┌────────

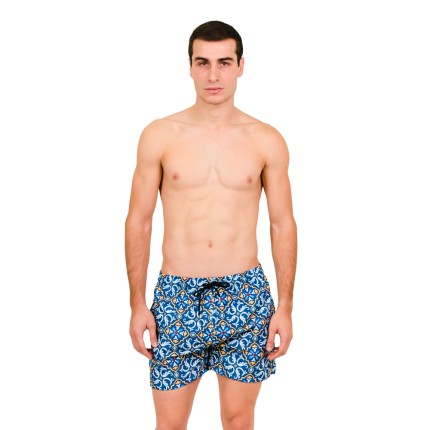 Μαγιό Ανδρικό με Μοτίβο... 2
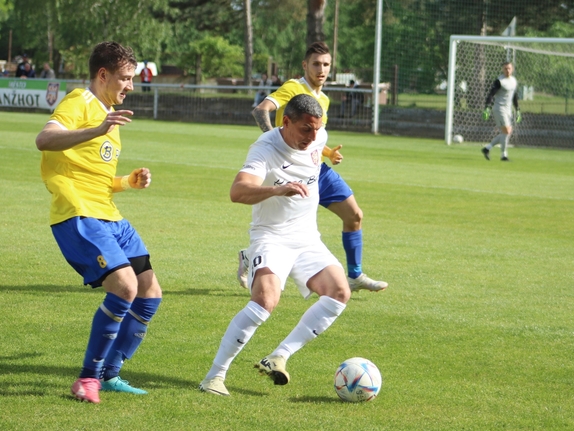 Lanžhot - Velká Bíteš 5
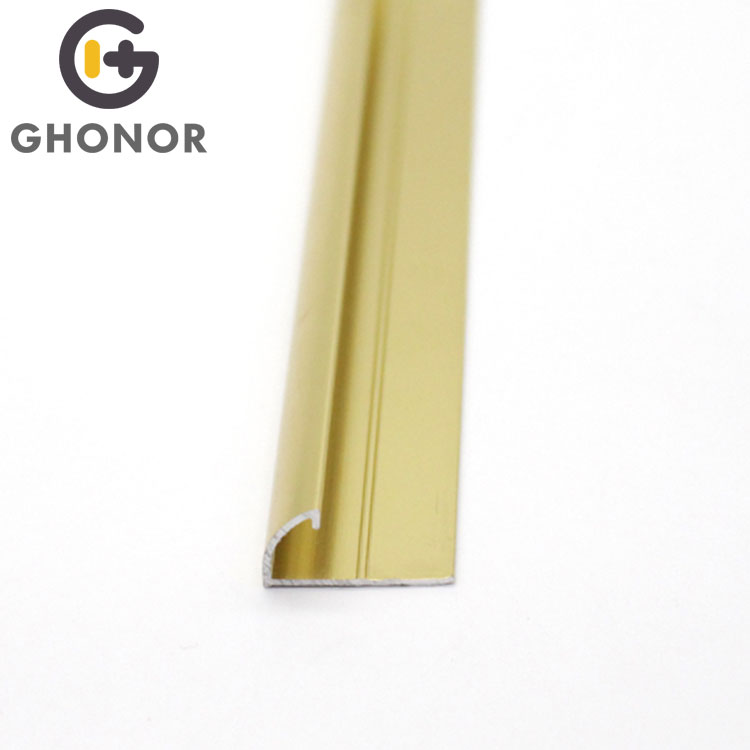 Round Edge Corner Polishing Series  Aluminum Extruded Profiles Round Edge Corner Polishing Series  Aluminum Extruded Profiles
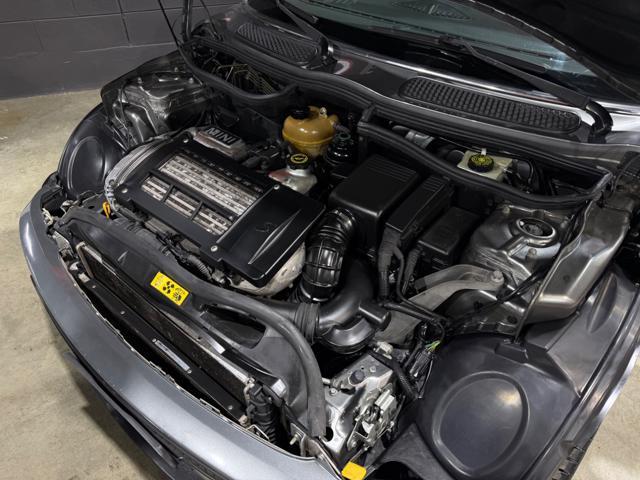 MINI Mini RIGOROSAMENTE MANUALE CARBONIO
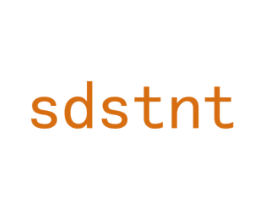 SDSTNT 商标图样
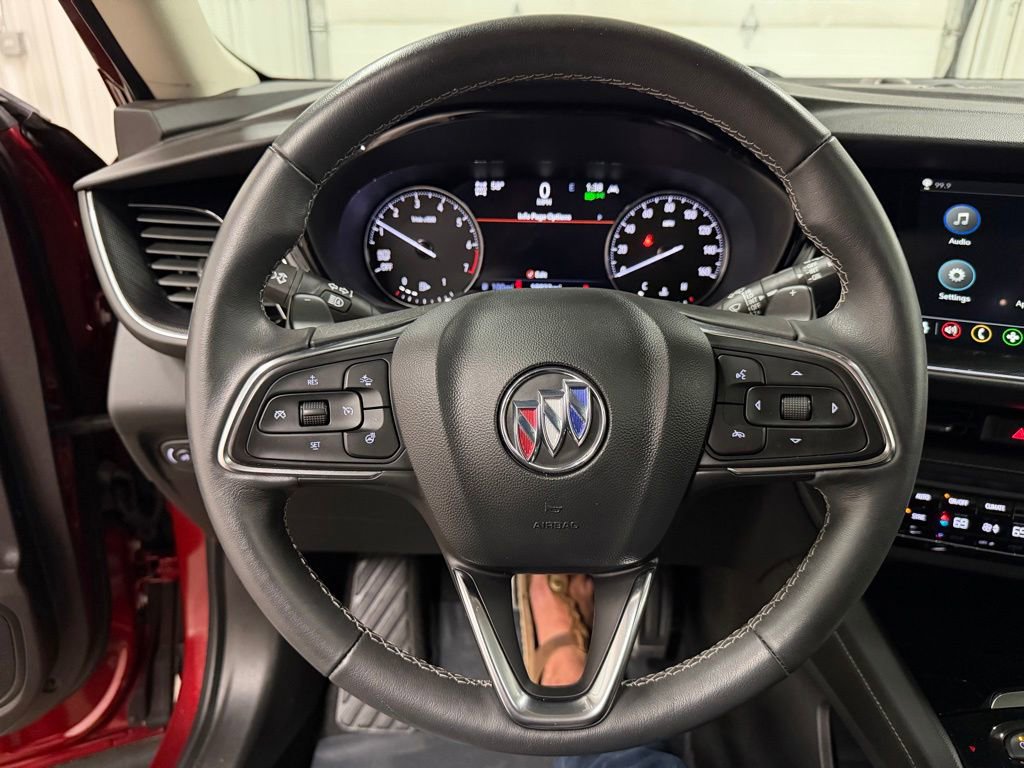 2023 Buick Envision Essence - Photo 43
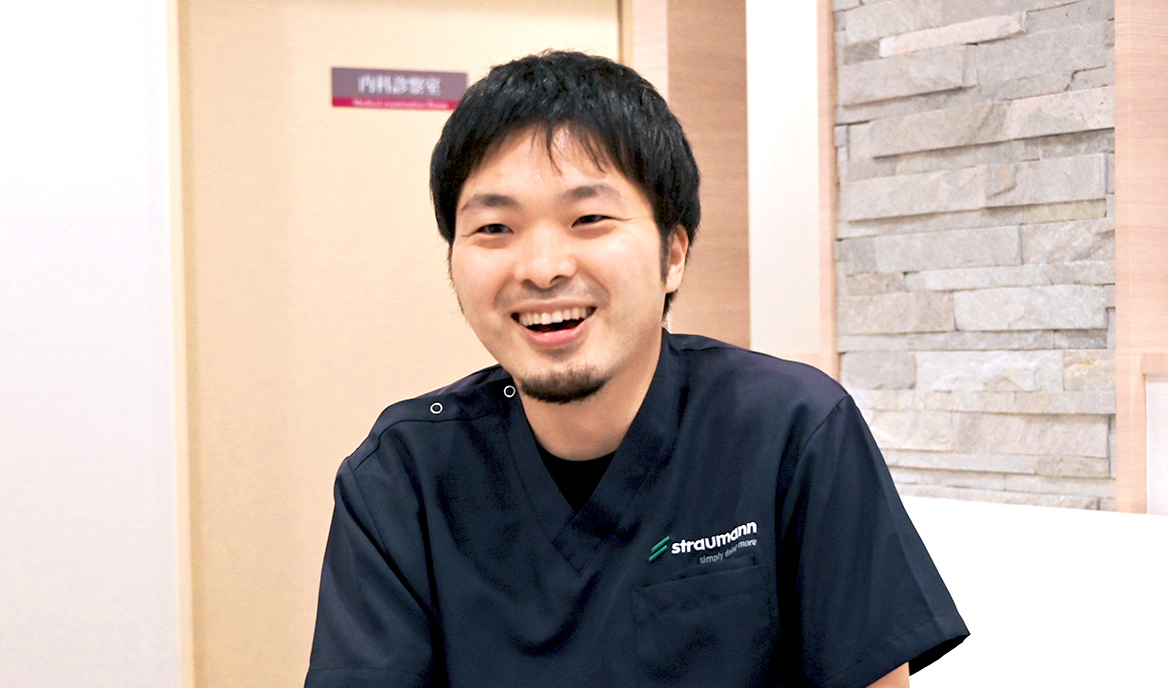 田村仁先生 れんげクリニック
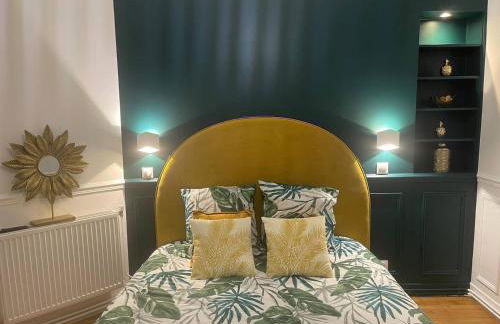 L'AMAZONIE - Lovely apartment near to the train station and Orly Airport - Foto 22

└────────

:: AIM OF THE TASK ::
Pictures are to be excluded; all other material must be transcribed exactly.

:: WRITTEN RESPONSE ::
 Μαγιό Ανδρικό με Μοτίβο... 2
 Lanžhot - Velká Bíteš 5
 Round Edge Corner Polishing Series  Aluminum Extruded Profiles Round Edge Corner Polishing Series  Aluminum Extruded Profiles
 MINI Mini RIGOROSAMENTE MANUALE CARBONIO
 SDSTNT 商标图样
 2023 Buick Envision Essence - Photo 43
 田村仁先生 れんげクリニック
 L'AMAZONIE - Lovely apartment near to the train station and Orly Airport - Foto 22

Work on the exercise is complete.